Angel Falls
“How long, Jules?”
“H-How long what?”
“How long?”
He touched her soft, soft cheek. He was cornered; there was no way out of this except to lie—and that was pointless. She might remember it all in ten seconds. “Now,” he answered in a tired, broken voice. “Just now. ”
She frowned. “Just now what? I’m thirty-nine years old, that means my—our baby is sixteen. You don’t mean …”
“Just now,” he repeated quietly.
Tears filled her eyes, magnified her pain until it seemed to suck the air from the room. “You mean … you never came back for me? In all those years, never?”
He felt the sting of tears in his own eyes. “I was young and stupid. I didn’t know how special it was between us. It took me a long time to grow up. ”
“Never. ” The single word slipped from her mouth, toneless and dead. “Oh, my God. ”
“Kayla, I’m sorry. ”
“No wonder I forgot. ”
“Don’t look at me like that. ”
“Like what?”
“Like … I’ve broken your heart. ”
She tried to wipe her eyes, but her effort was a failure; she slapped her own cheek. “I guess you did that a long time ago—and lucky me, I get to experience it twice.
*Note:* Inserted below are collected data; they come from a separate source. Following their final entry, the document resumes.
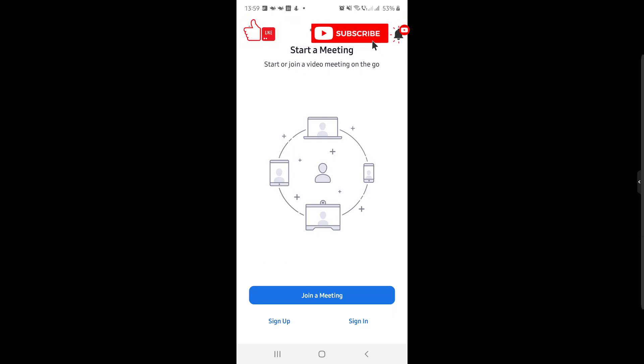After you have installed Zoom, you can easily join a meeting. If you need to see how to install Zoom on an Android device, check the description.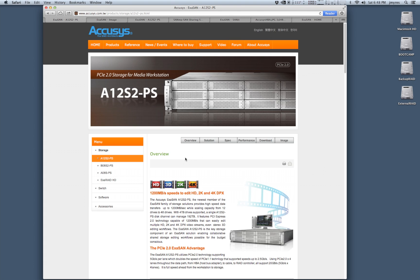Hi, this is Jason Meyrus and today we're going to be taking a look at a quick configuration for the Acusys XSAN A12S2 12-Bay PCIe 2.0 RAID Array.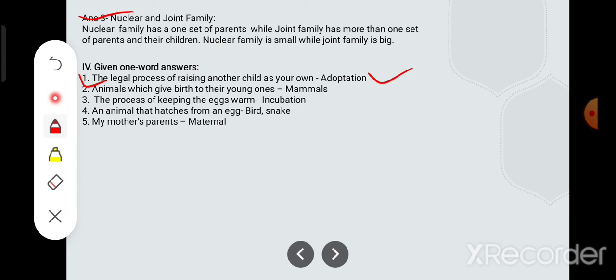Please type the answer in the chat box because I have just told you, so I am expecting you to know the answer. Animals which give birth to their young ones — aise animals jo chhote bachche ko janam dete hain — unhe kya kehte hain? Mammals kehte hain.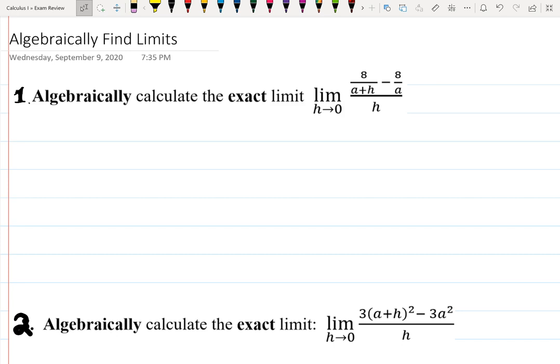Hello everyone and welcome to the video where I want to walk with you through problems where we're going to be calculating limits algebraically. These are very classical examples which you might find on your exams, and that's why it's good to see how someone else does them step by step, and then you practice by yourself as well.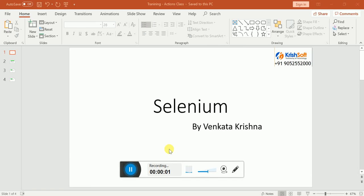Hi, this is Vankar Krishna from Chris Software Solutions. In this video we are going to discuss about how to work with the Actions class, what is the use of Actions class, and various methods in it.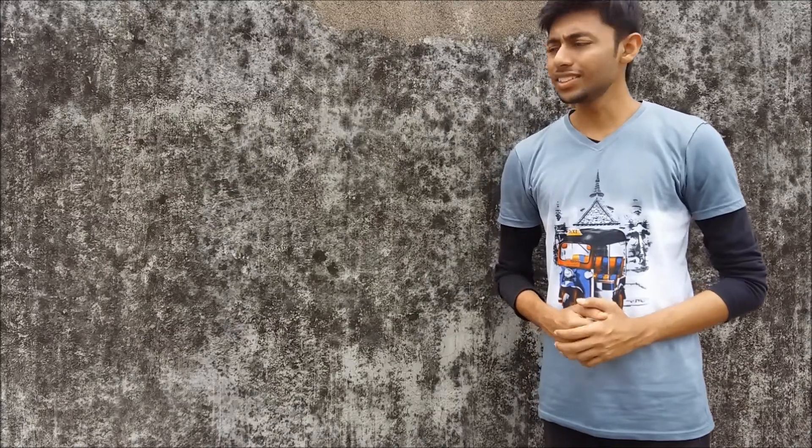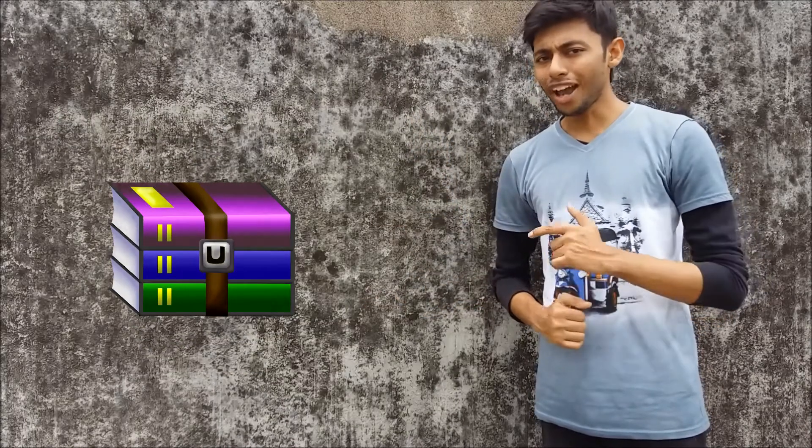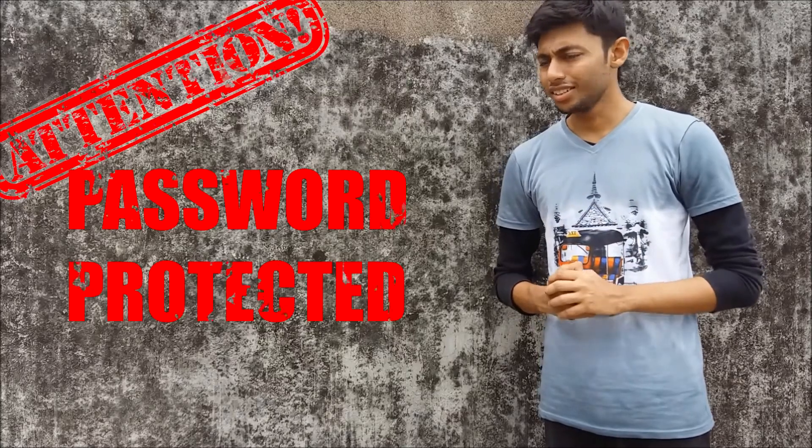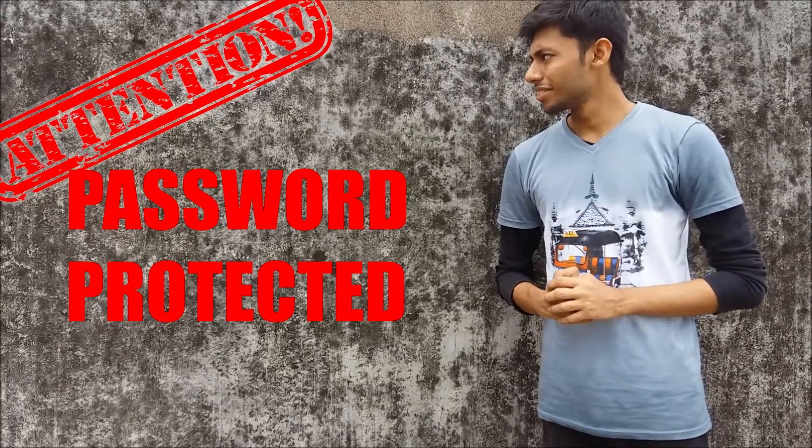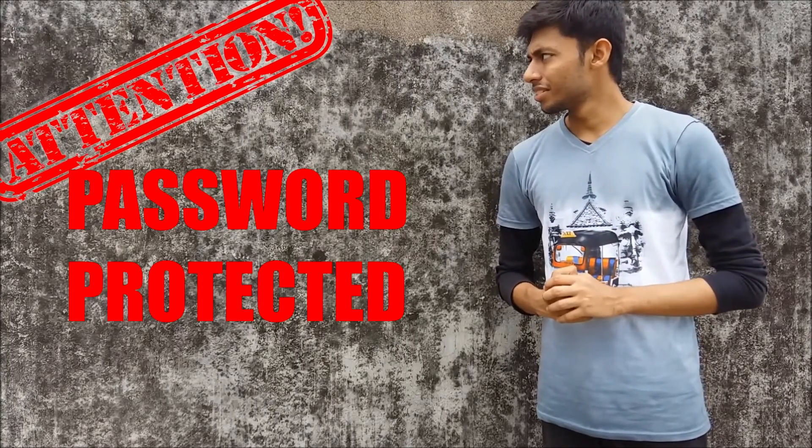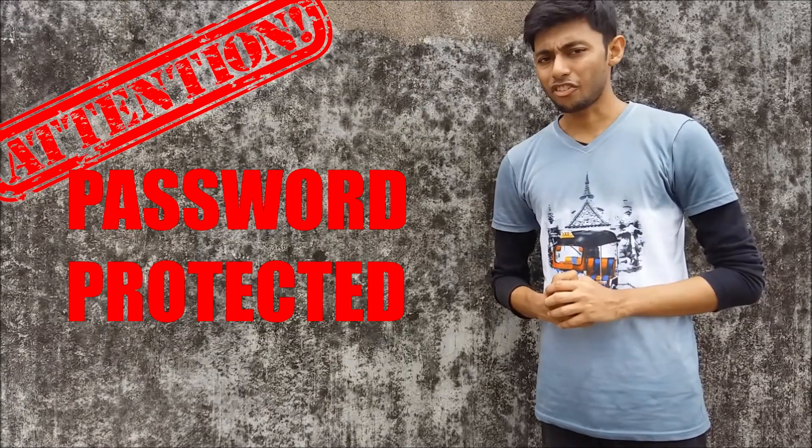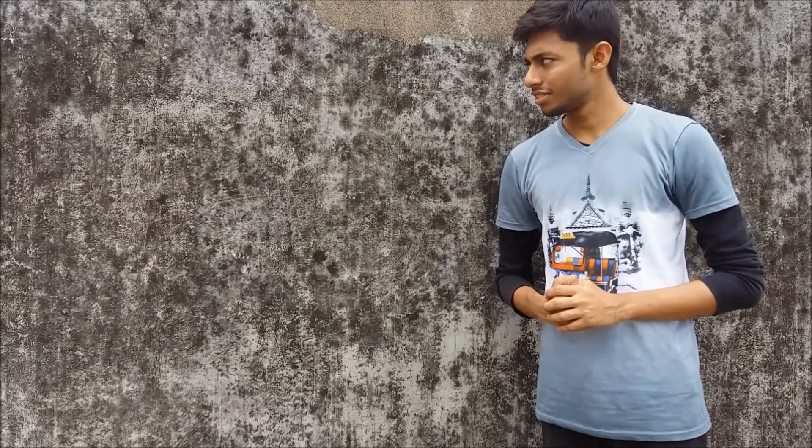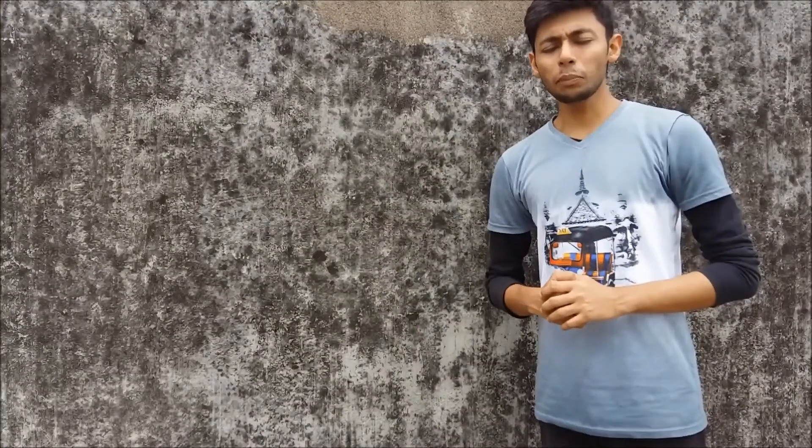Today I will show you how to compress some files into a single zip file, and the file will also be protected by a password. And the most important thing is, I will do it without any third-party software.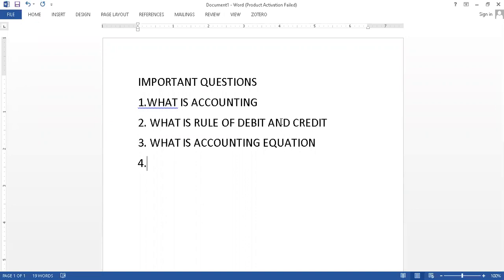Then you write the rule that assets increase in debit and decrease in credit. You have to show this in column form. Previous lectures have the solutions where we discussed this.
Oh, Jules. ” She sagged into the pillows. “I love you so much. But it’s not enough, is it?” She turned her head and closed her eyes. “I wish I’d forgotten you. ”
“Don’t say that. Please …” He wanted to kiss her tears away, but he had no right. He had hurt her again, as he’d known he would, and he regretted it more deeply than he would have thought possible. Suddenly he saw all the chances he’d lost. For the first time, he wanted the years back, wanted to have become the kind of man who knew how to love.
She rolled awkwardly onto her side. “Go away. ”
“Kayla, don’t—”
“Go away, Julian. Please. ”
If he’d had Liam’s courage, he would have known what to say, but as it was, he was empty. He turned away from her and headed for the door.
“I want to see my daughter,” she said.
He nodded, saying nothing, not knowing if she even knew he’d answered. Then he left.
She wanted to curl into a small, safe ball and close out the world again.
He never came back.
She couldn’t seem to grasp that. It broke her, pure and simple. For a long, long time, she lay in her lonely bed, trying to wrap her arms around a truth that was too big to hold.
What had she been doing all these years? If things were normal, if she were normal, would she have laughed at him and told him to run along, that her love for him had died a long time ago?
That was the hell of it. She didn’t know who she’d become in the years after their parting. Everything she’d learned or touched or believed in was gone, along with all the memories that, when sewn together, scrap by scrap, made up a life.
And what about her daughter, her baby girl who hadn’t been a baby in years? She remembered a pudgy, brown-eyed toddler with a halo of jet-black curls, a little girl who could go from hysterical sobbing to laughter in a heartbeat. She remembered the feel of that baby in her arms, but after that, nothing. No images came to her of frilly Easter bonnets or lunch boxes or loose teeth. Fifteen blank years, as unknown as tomorrow.
She wished she could be angry; it was so much better than this aching, overwhelming sorrow.
In her heart, she was twenty-four years old and deeply in love with her husband. Only he wasn’t her husband and she’d had fifteen long years to heal the wounds he’d inflicted.